Figure unique en l'Histoire, à ce que je sais, que celle de ce Dieu crucifié - religion de perdants, inventée par des Juifs qui, colonisés par Rome, cruellement confrontés à leur décadence politique, repensèrent leur statut de peuple élu en faisant de la défaite même le chemin du salut. Ainsi le christianisme devenait la religion des damnés de la terre. Mais c'était aussi une religion qui faisait miroiter l'unité retrouvée de l'humanité: unité conservatrice de l'amour partagé du maître et de l'esclave, ou révolutionnaire quand elle était conçue comme supposant l'abolition des relations de pouvoir. Claudel d'un côté, Simone Weil de l'autre.

Depuis la découverte, adolescent, de Pascal, j'ai toujours été profondément touché par le christianisme et beaucoup lu tous les penseurs cités plus haut, et ce n'est que tardivement que je me suis situé à la gauche du Christ (pour reprendre le titre d'un livre important sur le catholicisme de gauche). J'ai pourtant toujours été athée et j'oscille aujourd'hui entre l'exaspération face aux visions spirituelles qui me semblent induire une inacceptable cécité vis-à-vis des réalités matérielles, et le sentiment qu'il est plus précieux aujourd'hui que jamais de savoir inscrire les analyses matérielles dans une perspective spirituelle.

Aujourd'hui que la démocratie est devenue une valeur incontestable, on peine à comprendre la déception profonde qu'elle inspirait dans les années 30 - qu'avait réussi la démocratie bourgeoise, sinon à favoriser les bas calculs politiciens, à instaurer le règne de la démagogie, du diviser-pour-régner et du corporatisme? La nécessité d'une profonde et puissante régénération spirituelle s'imposait à beaucoup d'esprits, soit comme la condition d'une démocratie véritable, soit comme le fondement d'une véritable communauté qui, n'étant pas individualiste, ne serait pas démocratique.

L'aspiration à l'harmonie de la communauté a toujours été un ferment du fascisme parce que, face aux divisions irréductibles, elle mène à la recherche du bouc émissaire. Certains, parmi les catholiques des années 30, ont suivi cette pente, mais parmi eux, certains s'en sont vite détournés. C'est le cas d'Olivier Messiaen.

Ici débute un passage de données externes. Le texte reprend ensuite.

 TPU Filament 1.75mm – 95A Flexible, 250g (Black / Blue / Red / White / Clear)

D'abord érigé en compositeur exemplaire parce qu'il avait été prisonnier de guerre - et composé le Quatuor pour la fin du temps durant sa captivité - il est depuis quelques années vilipendé comme un collaborateur, notamment pour avoir composé, en 1940, une partie de la musique d'une cérémonie vichyste en l'honneur de Jeanne d'Arc. Ce fut cependant son unique oeuvre officiellement collaborationniste et Messiaen est resté, durant le reste de la guerre, à l'écart du régime - alors qu'il ne manquait pas de musiciens de renom, encore aujourd'hui portés aux nues, pour collaborer avec ferveur. Ses professions d'amour pour De Gaulle à la libération sont certainement sincères.

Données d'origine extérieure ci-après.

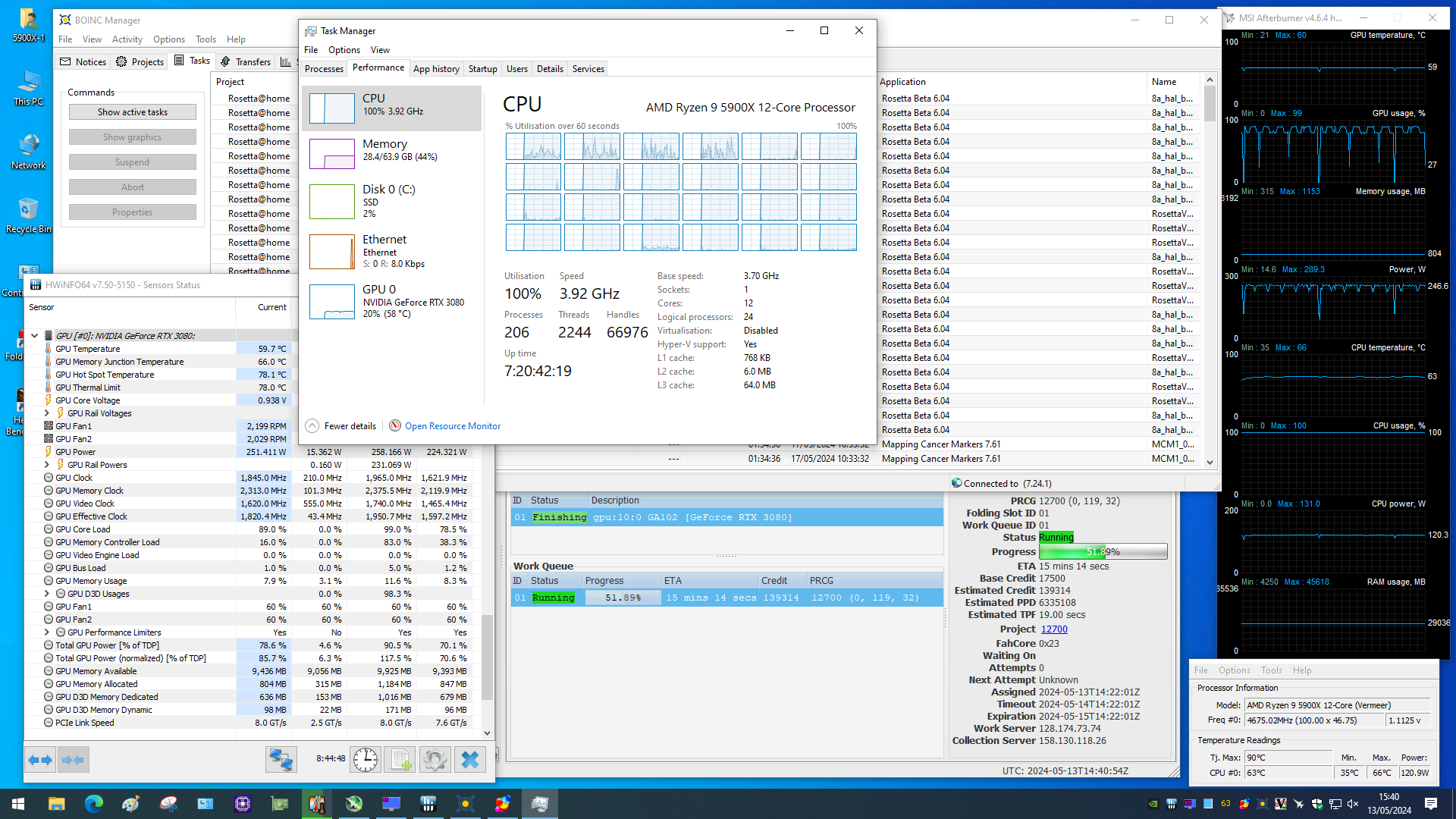 13-05-24 FAH + Rosetta = 28GB RAM!.png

Messiaen n'était ni un résistant, ni un héros. Il était aussi, sans doute, de ces antisémites métaphysiques (il considérait les Juifs coupables de "déicide") aveuglés, insensibilisés par leurs chimères téléologiques. L'antisémite métaphysique ne croit pas que les Juifs soient des voleurs, des avares ou des bolcheviks: il croit que leur destinée est inscrite dans la Bible. Jacques Maritain eut également fort à faire pour se justifier de déclarations sur le génocide en lequel il voyait le tragique accomplissement de la destinée d'Israël.

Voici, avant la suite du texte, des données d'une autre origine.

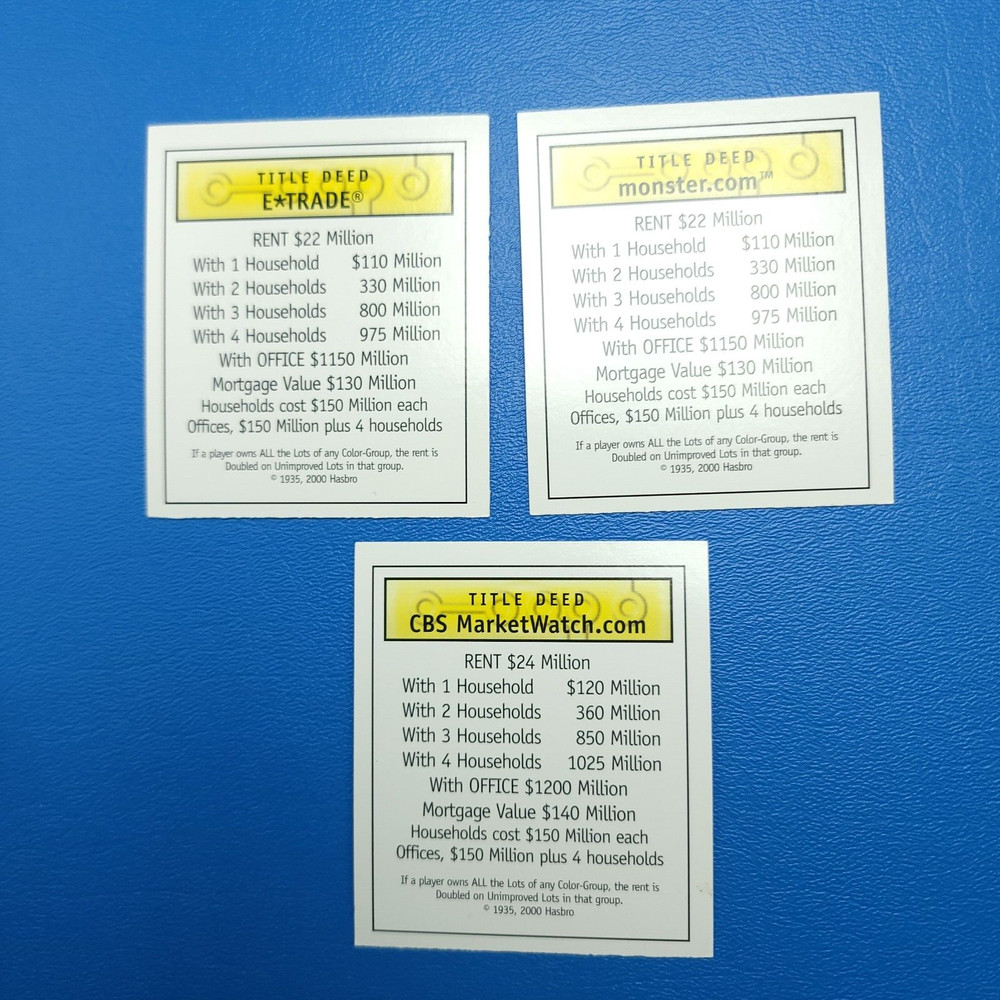 Monopoly Dot .Com Deeds Cards Replacement Game Piece Complete Set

Messiaen était de ces hommes que leurs visions ont égaré. S'il fut après-guerre un compositeur célébré, récipiendaire de commandes étatiques - son opéra Saint François d'Assise - et de tous les honneurs, il se décrivait lui-même, étonnement, comme "isolé". Il connut apparemment une traversée du désert dont il ne sortit que grâce à sa passion pour les chants d'oiseau, qui lui permirent de refonder son langage musical, échappant aussi bien au conservatisme du néoclassicisme qu'au formalisme des avant-gardes. C'est encore la foi chrétienne qui lui imposait une voie créatrice ramenant à l'idée d'harmonie, harmonie de l'homme avec la nature médiée par le Christ, exprimée par l'art.

La musique de Messiaen porte la trace des ambivalences de la foi. Dans son aspect massif, brut, La Transfiguration de notre seigneur Jésus-Christ exprime la fascination pour l'archaïque, le rituel comme abolition du moi et absorption de l'individu dans le Tout; mais la richesse des couleurs, la puissance de la concentration, la capacité unique à suspendre le temps des Vingt Regards sur l'Enfant Jésus révèle l'aspiration du cœur, profonde, bouleversante. Rapport de l'homme à Dieu qui tantôt illumine le monde et tantôt le plonge dans les ténèbres.